Figure 5. 3D PEG-VS CBF-0.5 gels support stromal co-cultures.

a, Overview of co-culture in PEG-VS CBF-0.5 hydrogels. b, Representative image of co-cultures (d6). Scale bars: 70 μm, images representative of three independent experiments. c, Representative images of co-cultures in 3D PEG-VS CBF-0.5 hydrogels at indicated time after seeding (top) and representative examples of fibroblasts and cancer cells (bottom). Images are representative of at least five individual regions centred around mPCOs. Scale bar: 60 μm. d) ELISA of conditioned medium from mono- and co-cultures grown in PEG-hydrogels for six days (n=3).
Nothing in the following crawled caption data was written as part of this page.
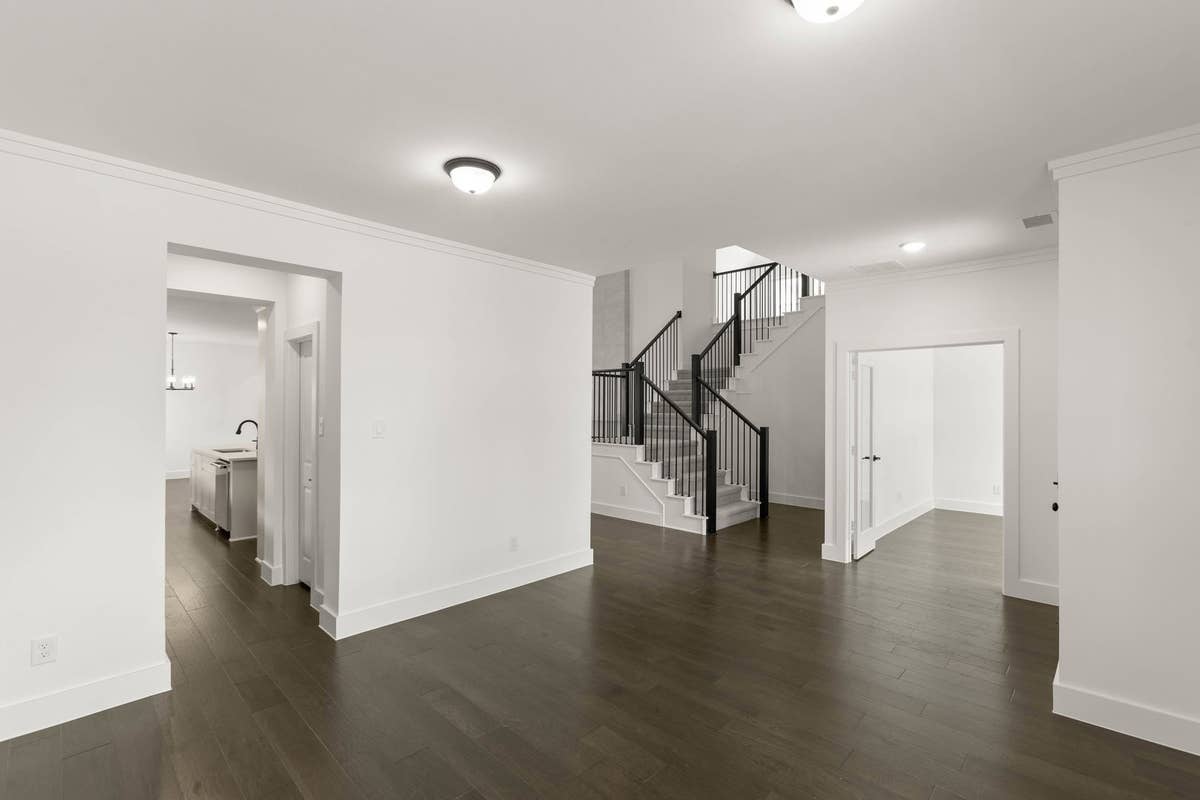 Summit Parks - Photo 10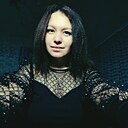 Знакомства: Ксю, 31 год, Кировград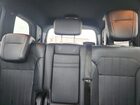 2018 Mercedes-benz Gls 450 4matic White vin: 4JGDF6EE4JB022737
Error bars: Standard error of mean. e) t-SNE visualisation of mass cytometry analysis of PEG-CBF-0.5 gel co-cultures overlaid with relative quantification of selected markers (d6, n=2). Integrin markers were not used in definition of t-SNE plots. Range of colorimetric scale is indicated for individual markers. f) Violin plots of selected markers for all detected fibroblast clusters. Bold line indicates median intensity of each marker and population.